No conto “A Carta Roubada”, de Edgar Allan Poe, são duas as cartas que captam particularmente a atenção do leitor; uma que no início da peripécia é roubada (à pessoa a quem fora enviada, por parte de Ministro D.) e uma outra que Dupin escreve para substituir – aparentemente – a primeira. A carta que é roubada, é-lo por motivos de um terceiro que, ao tê-la em sua posse, ganha algum poder sobre um outro personagem. O conto gira pois em torno das buscas que são feitas no sentido de a encontrar e devolver ao seu verdadeiro destinatário. Cedo se percebe que a carta fora perspicazmente escondida (visto que todas as buscas efectuadas na casa de Ministro D., por parte do perfeito, são infrutíferas).
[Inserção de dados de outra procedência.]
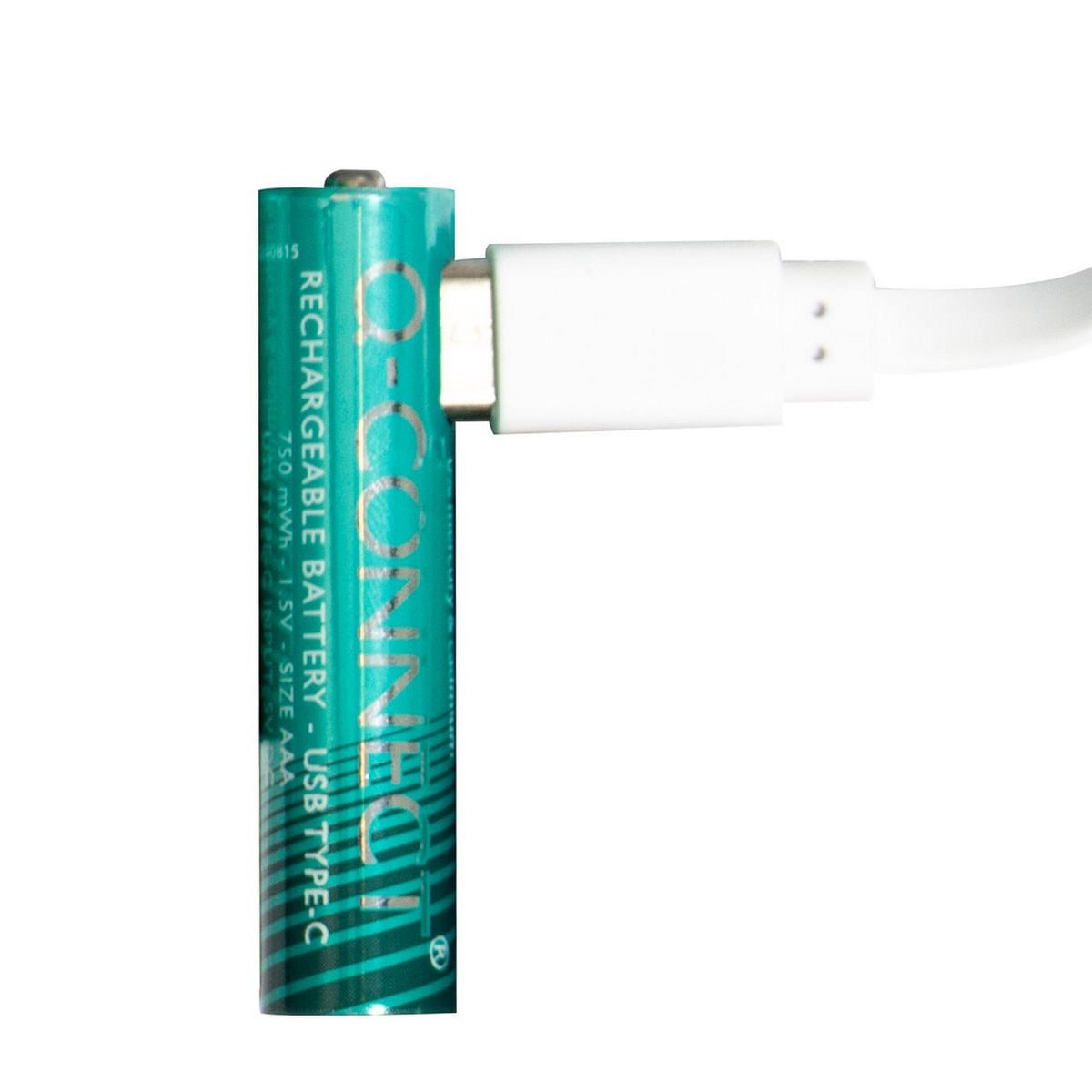 Batteri Q-Connect oppladbar AAA USB-C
Dupin, de uma forma imprevisível. por aqui infere – e por alguns outros detalhes que lhe são fornecidos pelo perfeito – que o único sítio onde a carta poderá estar será mesmo nos aposentos do - já certo – ladrão, mas, se não escondida, à vista de todos. Como tal, dirige-se ao local em questão e, confirmada a sua suposição, troca a carta roubada/procurada por uma outra. A forma desta segunda carta é semelhante à primeira – para que o ladrão não se aperceba prontamente do sucedido. Mas não só; também o é para que o Ministro D. só a leia num determinado momento: quando desconfiar que a carta que tem na sua posse não é já a carta que tinha. E quando, por via da dúvida, o Ministro D. ler a carta que Dupin lhe deixou, lerá uma mensagem que, inscrita num pedaço de papel, através de letras que, lá inscritas, formam palavras, estará destinada a ele próprio. O remetente, conhecê-lo-á pela caligrafia. No caso, será uma verdadeira carta.
Ainda que minada pelos fantasmas que sempre se apossam das cartas, pois que quem as escreve está ausente no momento da sua leitura por parte do destinatário, esta carta consegue, de certa forma, ser a excepção à regra. Isto porque é bem provável esta carta, apesar da sua limitação física, mexa verdadeiramente com os sentimentos da pessoa a quem se destina, o Ministro D. Citando Kafka, “No entanto, se é uma ilusão, é de qualquer modo perfeita”. Como se, de alguma forma, a carta substituísse perfeitamente a presença de Dupin e a ameaça que essa presença significa.